• _TASK PROMPT_: Set down the whole listing below exactly, without pictures.

• _GIVEN MATERIAL_:
----------
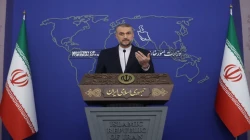 وزير خارجية إيران يلوح بفتح جبهات جديدة ضد اسرائيل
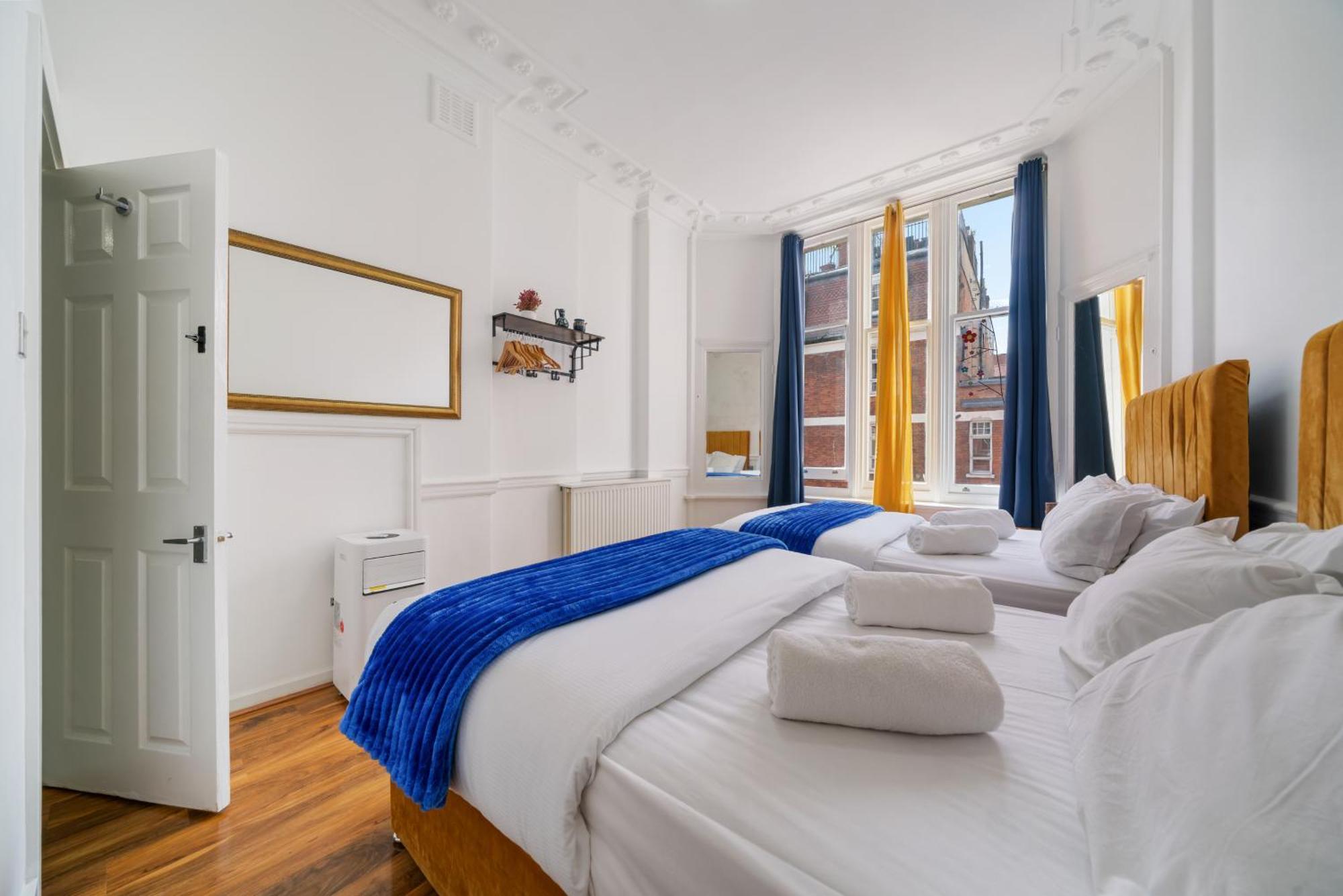 Selfridges Skyline Located Next To Bond Street 5gc Apartment London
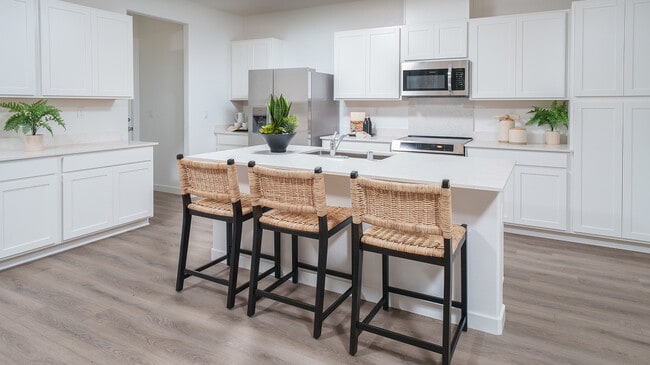 2013 Baker Place unit 36036461, Woodland, CA 95776 - photo 5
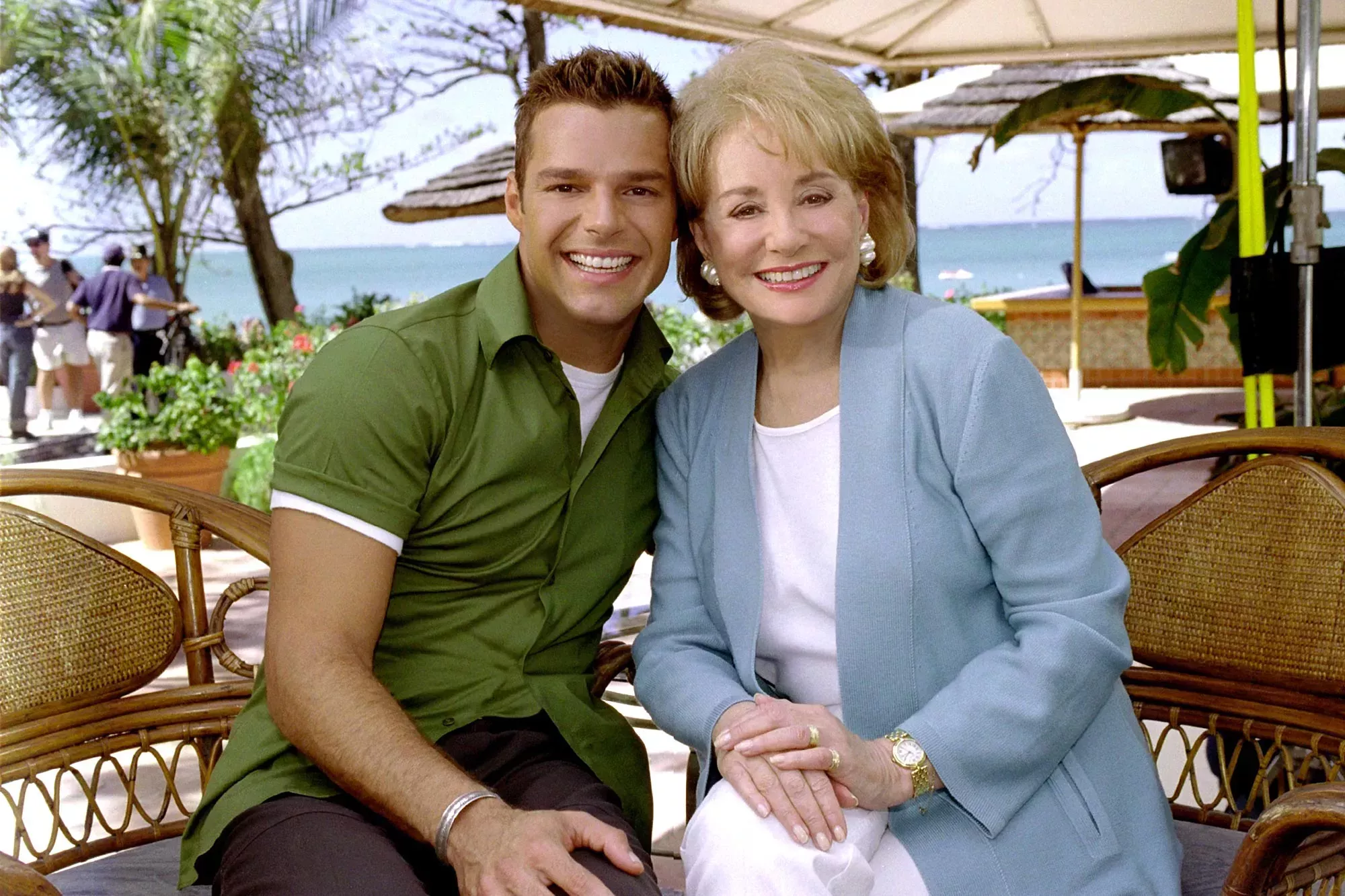 La fallecida periodista estadounidense Barbara Walters dice que se arrepiente de haber presionado a Ricky Martin para que se declarara gay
----------
• _YOUR RESPONSE_:
 وزير خارجية إيران يلوح بفتح جبهات جديدة ضد اسرائيل
 Selfridges Skyline Located Next To Bond Street 5gc Apartment London
 2013 Baker Place unit 36036461, Woodland, CA 95776 - photo 5
 La fallecida periodista estadounidense Barbara Walters dice que se arrepiente de haber presionado a Ricky Martin para que se declarara gay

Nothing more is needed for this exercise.